On our sideline, there are no separate units. The defensive guys pump up the offensive guys, and vice versa. If another team makes a play against us, nobody believes we’re beat. Instead, we rally around each other. We pump each other up and shout, “That’s all they’re getting this game! That’s the only play!” And we all believe it. That kind of thinking is our edge. That confidence is what makes us champions. Keep that positive energy. We’re in this together."

<LINK_TEXT text=“http://www.theplayerstribune.com/eddie- … -brothers/”>http://www.theplayerstribune.com/eddie-jackson-alabama-football-to-my-brothers/</LINK_TEXT>

Aloha,

It may be mental, but I will add the mentality and personality of the team reflects the head coach. The head coach establishes the identity and personality of the team. The head coach needs to strongly emphasis that losing is not an option. Wining results in awards and losing results in consequences.

Additionally, the results of CBB’s tenure at Arkansas (and not any personalities…strictly results based) indicates to me the team has a severe lack of self confidence, bonding, teamwork and leadership. There is no fight in our dog.

Well coached, highly motivated and disciplined teams don’t lose 56-3 or give up huge halftime leads. Their is something seriously wrong at the very core of the Arkansas football program and CBB needs to identify it and take immediate action. He needs to start by looking at himself. Because after his fourth season, results indicate his way of doing business is not working.

Lastly, he needs to can his marketing talk about how tough it is to play in the SEC West and all of the ranked opponents on Arkansas’ schedule.

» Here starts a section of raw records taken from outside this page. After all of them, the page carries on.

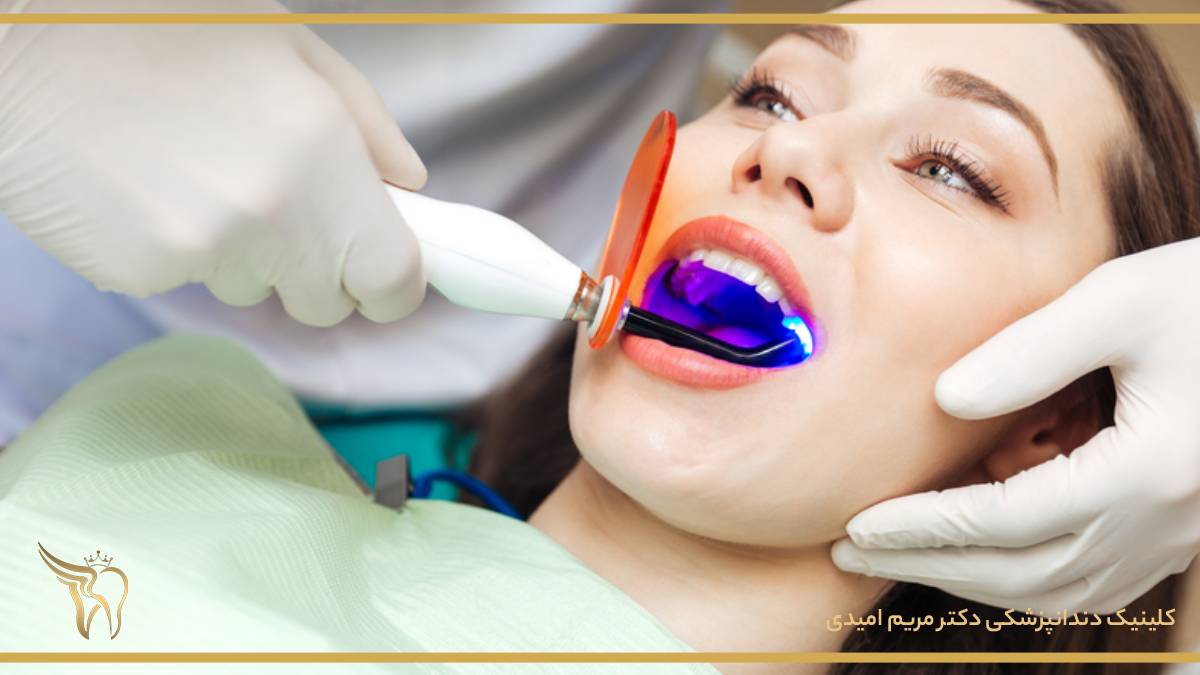 لیزر دندانپزشکی چیست؟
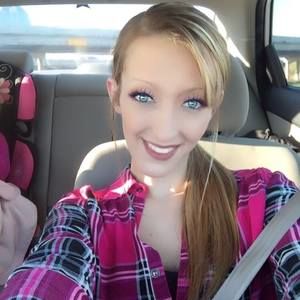 Meet your Posher, Cheyenne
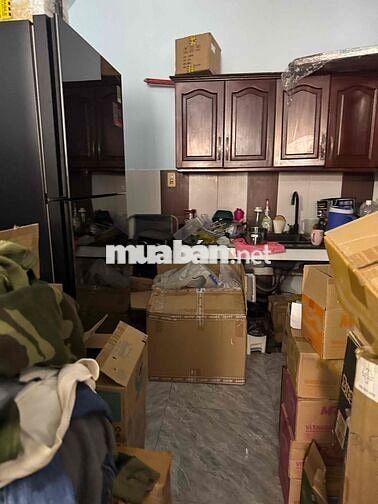 🍀Cho thuê nhà Chiến lược hẻm 344 ,2 sẹt. BTĐB. BTân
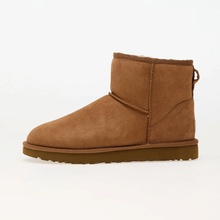 Ugg Classic Mini Ii hnědé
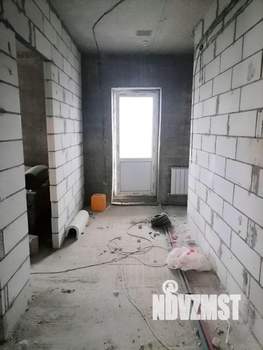 2-к квартира, вторичка, 58м2, 3/23 этаж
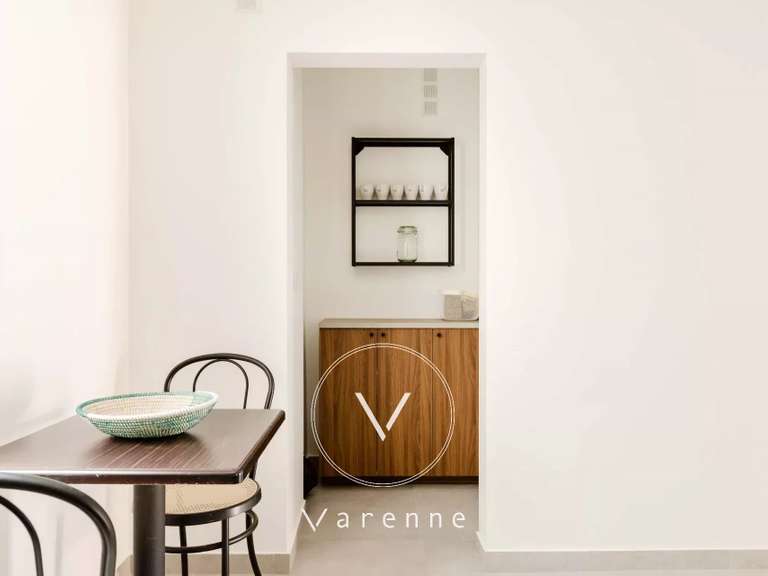 Apartment Paris 3e - 2 bedrooms - 123m²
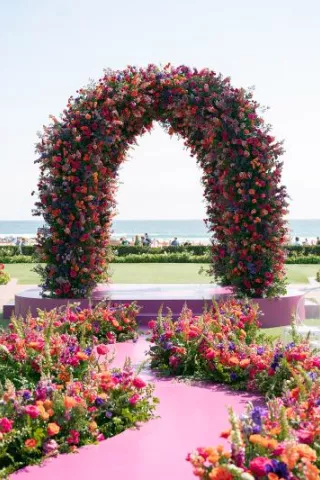 Vibrant award-winning design at Hotel del Coronado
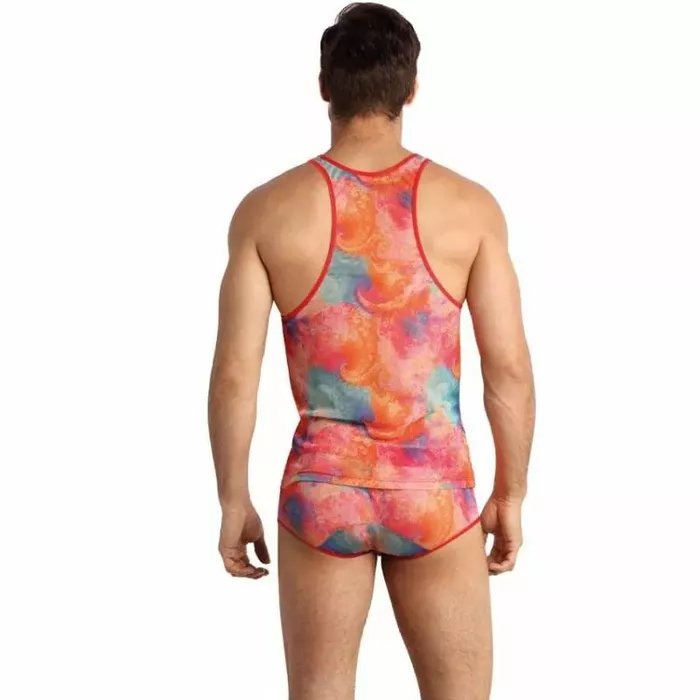 Vīriešu singlets ANAIS MEN FALCON TOP S Photo 2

In the Navy, we have a motto: “Select your rate (job), select your fate.” CBB selected Arkansas. He wanted to come to Arkansas. Time to stop complaining about the SEC West and do something about it. His constant complaining about the schedule has developed a mental excuse with his players. “We’re not expected to win, so what if we lose…”

GHG!

Bravo!

I have never one time heard CBB “complain” about the SEC West nor have I heard him “complain” about the schedule. He, just as every coach in the SEC West, comments about the strength of the conference and the division. Prior to the middle of this year, every sportscaster “commented” on the strength of the SECW. It helps in rankings and in bowl selections. Since he came here, he has always stated he wanted to coach in the SEC, the best conference in the country. He said he welcomed the challenge of the SECW.

He also had improved each of his first 3 years. He took a step back this year. Now, it’s up to him to get the team back on track. An 8 to 10 win regular season is, and should be, expected of him next year.

It is my belief that you have misjudged his comments as complaints and as justifications for losing. I don’t believe a single player has interpreted those comments in the manner that you have. I’m certain he HATES losing more than anyone on this board. After all, he has several $million more reasons to hate losing than any of us.

It is also my belief that he knows that if there isn’t marked improvements in the team next year, he will be in the hottest of seats the following year, or possibly by the middle of next season. I would expect him to do everything he possibly can to see that those improvements will be made. I also believe he will succeed in making the improvements. It is however, also true that, after seeing these last two 2nd halves of football, I have a little less confidence he will succeed than I had a few months ago. Without a doubt, I will be rooting very hard for him to succeed, as that will mean my favorite team, the Razorbacks will be succeeding also.